The Mikado.It is well known that according to Japanese tradition the present Mikado or Emperor is descended from the Sun-goddess, without a single break for 10,000 years. This presumption is to be found continually in Japanese writings, and in edicts promulgated by the Mikados. Many statements have been made concerning the origin of the word Mikado; one derivation is from mi, honourable, and kado, gate, which conveys the idea that the Emperor is so far above the rest of mortals, that it would be disrespectful to speak of him directly—just as none but the privileged few were allowed to enter his presence—and therefore he is designated by the gate of his palace; but Mr. Satow states that there is a different etymology, which he thinks harmonizes better with Japanese ideas, viz. mika, great, and to, which, according to the euphonious rules of the language, becomes do in composition, and is a root meaning “place.”
After the sovereign power had been established for a number of years at Kiôto, the members of the Imperial family had considerably increased, and they formed a class by themselves. These are the Kugés, or court nobles, so often mentioned in contradistinction to the Daimios, or territorial nobles. They all, of course, claimed divine descent, and occupied the highest offices about the court.
Government, grades of nobility and people.The form of government established by the earlier Mikados was a pure despotism. Penal laws, imperial edicts, and administrative regulations, were all supposed to emanate from the sovereign. From about the twelfth century, however, owing to internal and external commotions, the actual duty of repressing tumults and executing justice upon rebellious subjects was entrusted to a generalissimo of the Imperial forces, known as the Shôgun. (In the early treaties and diplomatic correspondence he is, under a misconception, called Tycoon.) In the beginning of the seventeenth century this office fell into the hands of a member of the Tokugawa family, in which it became hereditary, and so continued down to 1867, when the incumbent resigned the office into the hands of the Mikado. During this period of the Tokugawa power, lasting more than 250 years, the entire executive authority of the government was exercised by the Shôgun. He did not, however, assume independent sovereign power, but continued to act nominally as the representative and servant of the Mikado. It was during this period that the feudal system attained its highest development in Japan. The ancient territorial nobles, who were formerly almost independent sovereigns in their territories, were reduced to subjection, and became vassal princes under the Shôgun. New and conquered provinces were parcelled out to the connections of the Shôgun’s family; so that, at the time of the making of the foreign treaties, there were about 200 of these princes, who, under the name of Daimios, exercised local authority in their provinces, and yielded feudal obedience to the Shôgun, as their superior lord.

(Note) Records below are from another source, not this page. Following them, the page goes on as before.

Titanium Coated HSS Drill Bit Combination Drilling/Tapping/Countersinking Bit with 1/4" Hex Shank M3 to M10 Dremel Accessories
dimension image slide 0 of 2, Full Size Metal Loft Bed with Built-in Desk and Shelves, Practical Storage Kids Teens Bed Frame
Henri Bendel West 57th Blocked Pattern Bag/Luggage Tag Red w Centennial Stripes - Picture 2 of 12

Beside the eighteen principal or kokushiu Daimios, there were two classes of princes, the one existing before Iyéyasu’s era, and called tozama, or “outside nobility,” and the other composed of his own adherents, and called fudai, or “vassals of the dynasty.” Next to the prince and his family came the karos, or “elders.” Next to the Daimiô (great name), but as Shomiô (small name), inferior to them in rank, were the hatamotos (under the flag). These were, as the name implies, men who rallied round the standard of the Shôgun in war time.